On a winter day when temperatures spiked at a welcome 40 degrees, it was even warmer inside the Delaware Avenue gaming center where Nick Lane and Kevin Manne carried the mantle of Western New York into battle.

Over the course of the day, Lane and Manne would attempt to do what the Bills and Sabres couldn't — flip, tilt and bang back their way to a championship.

Even more important, perhaps, they would do it in their backyard, in the first ever New York State Pinball Championship held outside New York City.

"I'm a gamer," said Lane, a 37-year old University at Buffalo employee. "We definitely want to have a respectable showing."

With 14 other pinball players, all ranked by the International Flipper Pinball Association, Manne and Lane gathered at GameOn in the Town of Tonawanda to pursue a title that six years ago didn't exist.

Now, with the explosion in pinball's popularity, there is an increasing number of competitive players, not to mention tournaments, leagues and state championships like the one held Saturday in the back of a video gaming center here.

In 12 years, membership in the competitive IFPA has gone from 500 to more than 56,000, and an event organized by its sister organization last year attracted 400 competitors, the largest pinball tournament in history.

The revival was evident Saturday as Manne and Lane, proud to host the first state title outside New York City talked about the reasons behind the renaissance, which they admit came late to Buffalo. The tournament was streamed live on

Some of it is the baby boomers who played pinball as kids and now have the money to buy a machine, maybe two or three, for their man caves. Most of today's players are men, and that was the case with the all-male field in Tonawanda.

But there are also millennials who learned about pinball by playing virtual or digital versions of the game. And then there are players like 2016 state champ Greg Poverelli, a 27-year-old who plays out of the Sunshine Laundromat and Arcade in Brooklyn, now a pinball hotspot.

Poverelli played the game for a short time as a young boy, gave it up and then rediscovered it seven years ago. He thinks the sudden rise in popularity is because of pinball's ability to provide a competitive head-to-head gaming experience in a highly social environment.

"There's a true renaissance of the game," Poverelli said.

In the first round Saturday, Manne took Poverelli, who has played in two world championships and is currently ranked 115th in the world, to a seventh and deciding game before losing to him.

Manne, who is currently 740th out of more than 50,000 pinball players across the world, often jokes that he was destined for the game. He points to his father, who once admitted to him that he often skipped class during college to play pinball.

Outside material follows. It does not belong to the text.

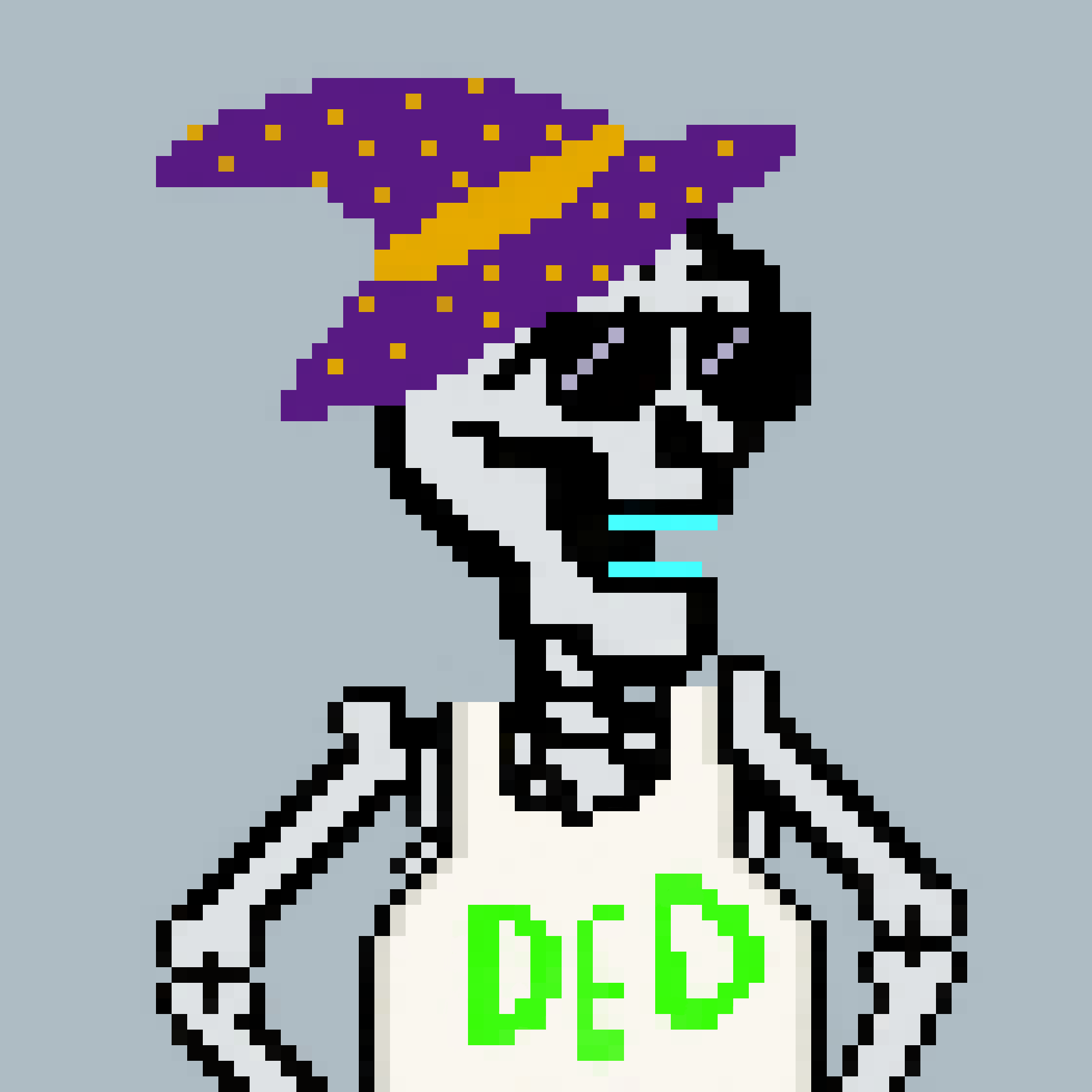 GrETHful DED #4699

"It's in my blood," Manne said with a smile.

When you talk to pinball players and ask them why pinball, the answers are often the same. And yet they speak to why the game is going through a resurgence.

Lane, who also runs a business, Buffalo Pinball and Arcade, will tell you that every pinball machine is different and that with the differences come the need to adjust your approach to the game.

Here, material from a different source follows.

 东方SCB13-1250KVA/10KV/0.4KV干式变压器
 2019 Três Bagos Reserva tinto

Throw in the wide-ranging variety - there are hundreds of different pinball machines - and you can quickly understand the competitive appeal of the game.

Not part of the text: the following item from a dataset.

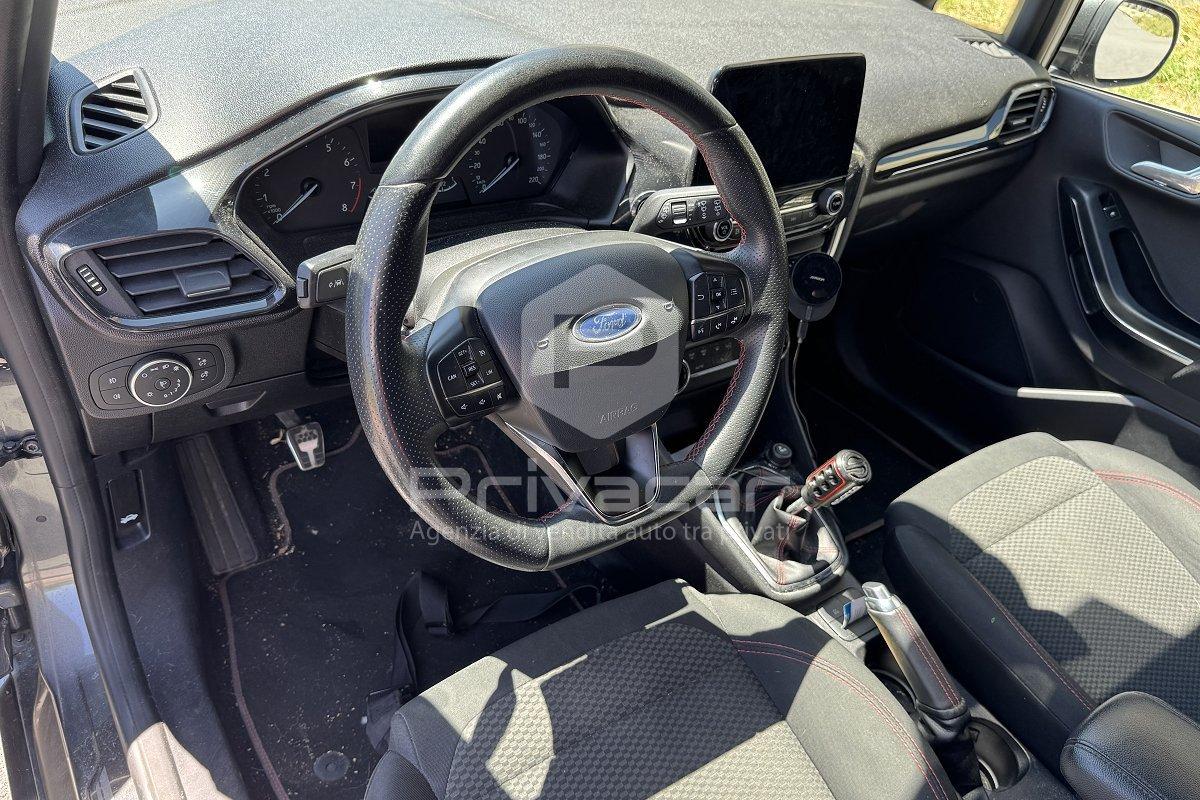 FORD Fiesta 1.1 85 CV 5 porte ST-Line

"They all have quirks you have to learn," said Lane as he looked at the games in play Saturday. "Fathom is different than Jurassic Park, and Jurassic Park is different from Monopoly."

For him, learning the strategies of playing those games, not to mention Metallica, AC/DC and Game of Thrones, keeps him coming back.

For Manne, who also works at UB, it's as easy as comparing pinball to bowling.

"You go to a bowling alley and all the lanes are the same," he said. "I come here and there are 10 different games, each one requiring a different strategy."

None of the world's top-ranked players were on hand Saturday, but for someone in the field of 16, there will be an opportunity to compete with those world-class players in March.

The winner of the day-long tournament in Tonawanda will represent New York State at the National Pinball Championship in Las Vegas.